What you are asked to do
Everything in the entries except the pictures must be repeated exactly.
##########
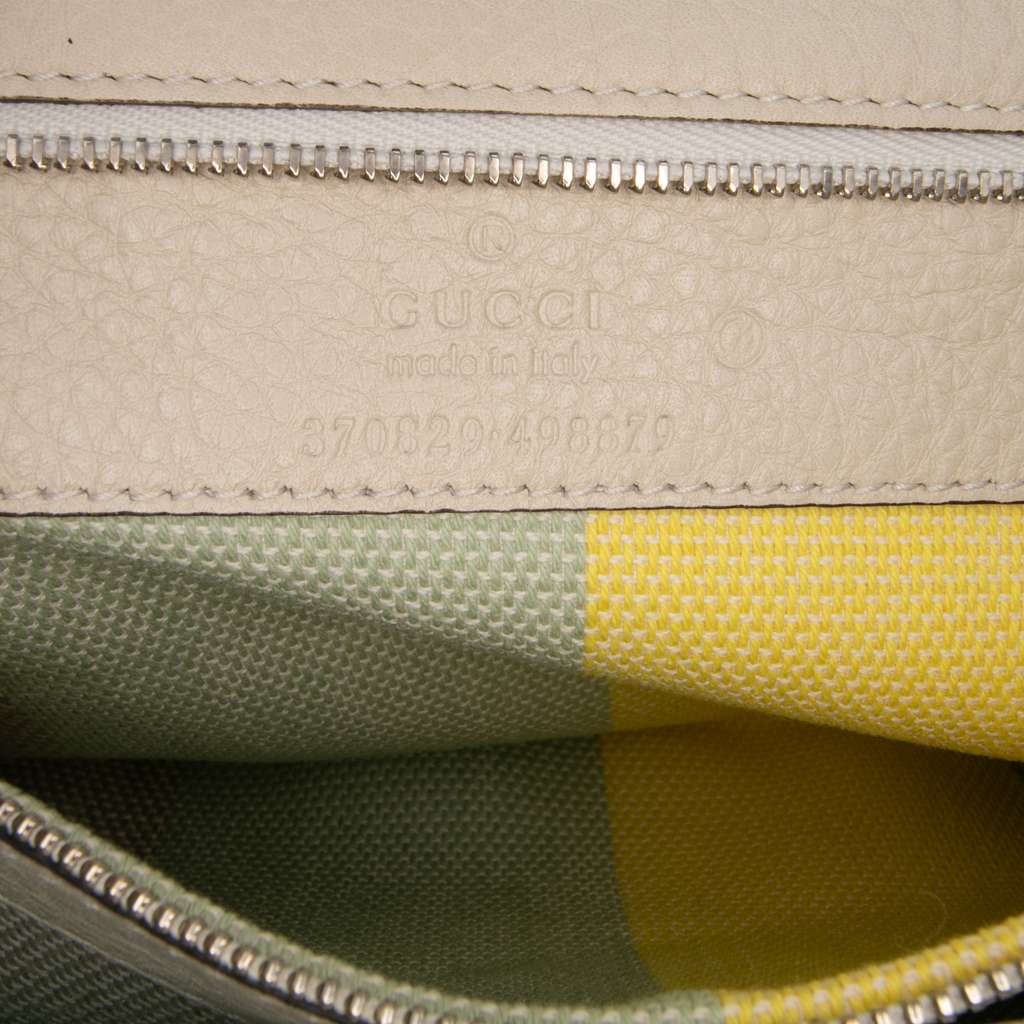 Gucci Medium Calfskin Bamboo Daily Shopper Satchel - 5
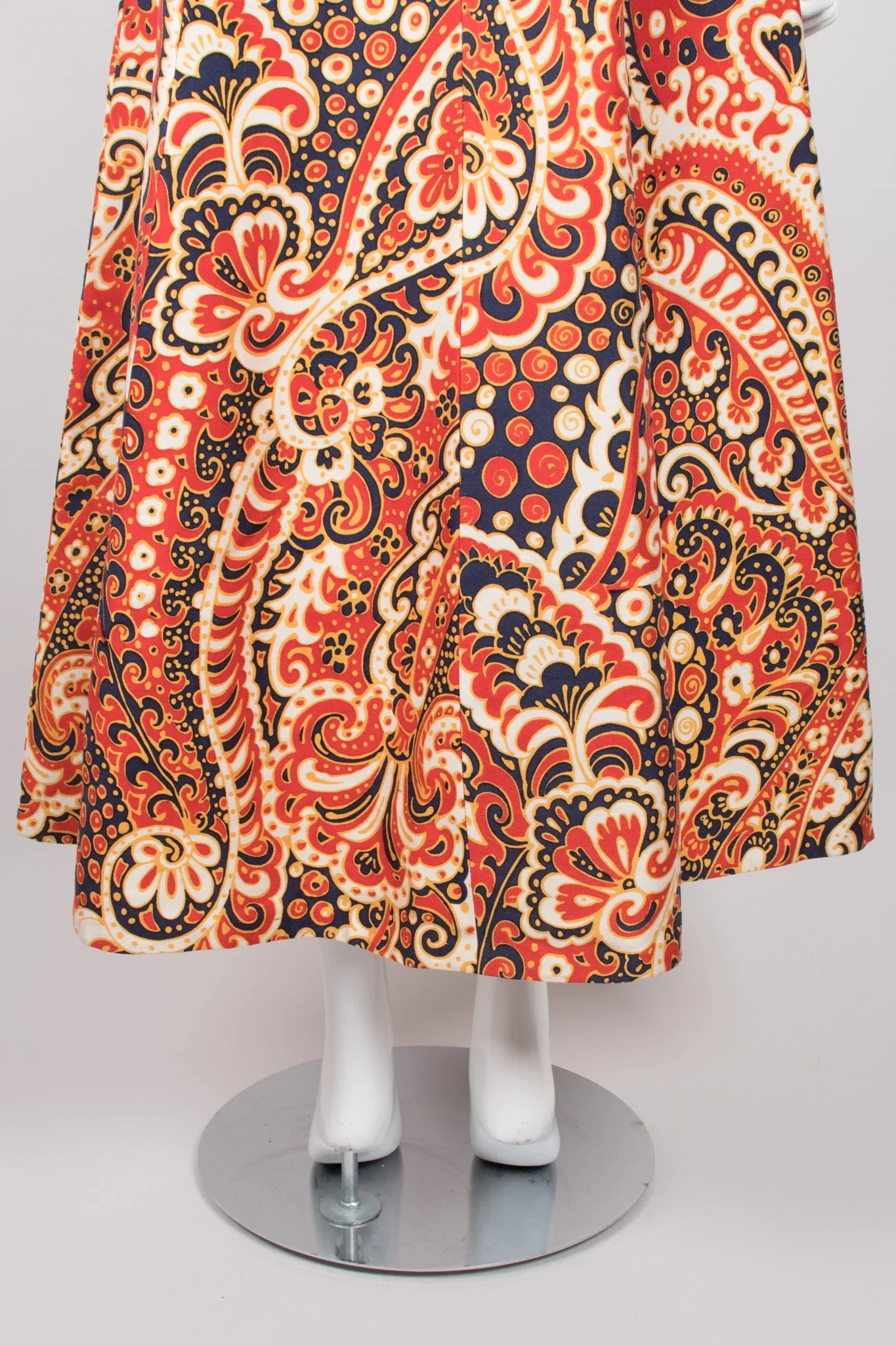 Wave Print Cutout Dress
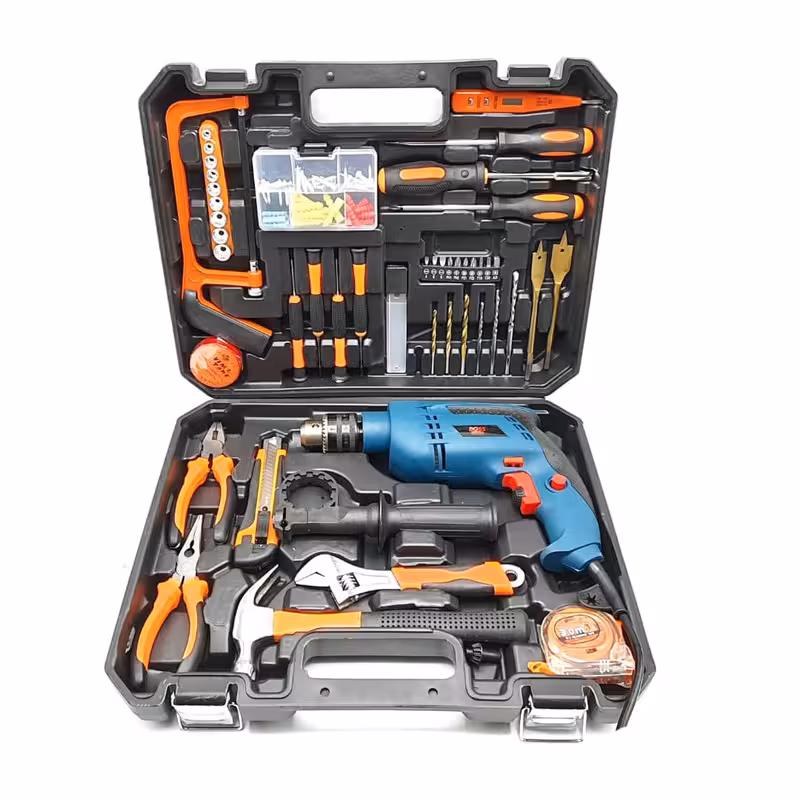 مجموعه 100 عددی دریل چکشی باس مدل LIFE-STYLE | کالا مکس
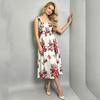 Sleeveless Strap Plus Size Vintage Floral New In Dresses For Women Casual Long Summer Party Dress
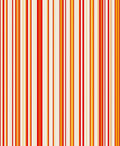 Vibrant Orange Red Stripe Collection Rug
##########
Solution to this task
 Gucci Medium Calfskin Bamboo Daily Shopper Satchel - 5
 Wave Print Cutout Dress
 مجموعه 100 عددی دریل چکشی باس مدل LIFE-STYLE | کالا مکس
 Sleeveless Strap Plus Size Vintage Floral New In Dresses For Women Casual Long Summer Party Dress
 Vibrant Orange Red Stripe Collection Rug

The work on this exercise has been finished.